To be sure, NDTV’s market price has jumped by around 186% in the last six months on speculations of sale and the fair value might be much lower.

However, if Adani Group is intent on gaining control, why is its open offer price at such a steep discount to the market price? One conclusion is that perhaps it doesn’t want to gain control. But then, what will it achieve with a 29% stake in NDTV?

Tycoons typically buy media companies because it gets them influence or it is some sort of philanthropic effort. If it were the second, an easier way would be to just inject funds into a media company through say, preference shares or such instruments and give it the resources to pursue independent journalism. A messy takeover battle is not how one does philanthropy.

With a 29% stake, however, Adani Group — or any investor for that matter — can be a thorn in the side of a company’s management. That’s because they can block a certain category of shareholder resolutions called special resolutions. These resolutions need 75% of shareholder votes to pass.

Buyback of shares, loans and investments by a company and appointment of certain directors, etc, requires a special resolution. A shareholder with 29% stake can block this and be an irritant even if they don’t have a say in the day-to-day affairs of the company.

Now that the Roys appeared to have dug in their heels, Adani could well take the matter to court. In a statement on Friday, Adani conveyed that it didn't buy into NDTV's argument and expressed surprise at the latter's stand.

On its part, NDTV will also invoke another clause in the loan agreement which bars VCPL and its associates from purchasing shares of the television company, which will increase their holding to more than 26% in NDTV without the consent of the promoters.

According to company law expert Jayant Thakur, this clause can be tricky to apply. It bars VCPL or the affiliates from directly purchasing shares of NDTV as it would increase their holding to more than 26%. But, he says, the question is whether this would bar conversion of warrants in RRPR whereby VCPL effectively becomes the 99.99% owner of capital and thereby control more than 26% of NDTV.

VCPL may say that it is just converting holding in RRPR and hence, not purchasing shares of NDTV.

This will be a key point of the litigation.

Effect on Indian media

The Adani Group’s entry into the media business (it already has a 49% stake in BQ Prime) is yet another example of the growing dominance of corporations in this sector. Companies, often like governments, want to control the narrative. And that narrative will not necessarily serve the interest of the public at large.

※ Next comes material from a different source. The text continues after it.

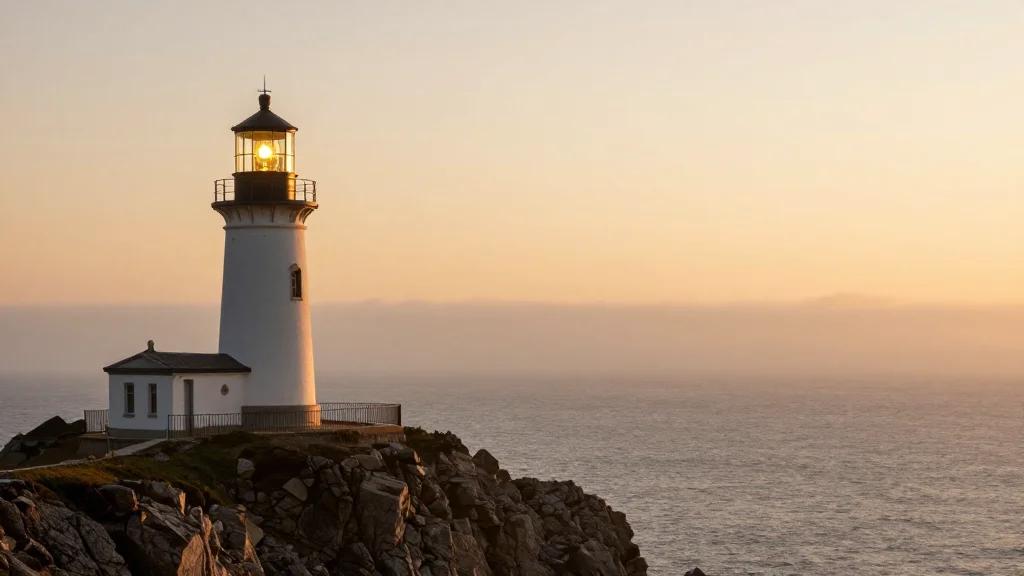 Lead by Fulfilling What People Truly Want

Moreover, when large and diverse conglomerates own media units, there is a significant conflict of interest which could crimp editorial independence. Some of these other large businesses are in regulated sectors such as energy or telecom, where the government has a say, and corporations would displease the government, whether at the Centre or the States. This can happen even if the corporate owner tries to maintain an arm’s length relationship with their media entity.

Media companies can maintain editorial integrity by cutting down their dependence on sources of revenues which have an embedded element of conflict of interest.

Media consumers (readers and viewers) should be at the forefront and subscription revenues the way forward.

Khushboo Narayan is Dean of the ACJ-Bloomberg Programme at Asian College of Journalism, Chennai.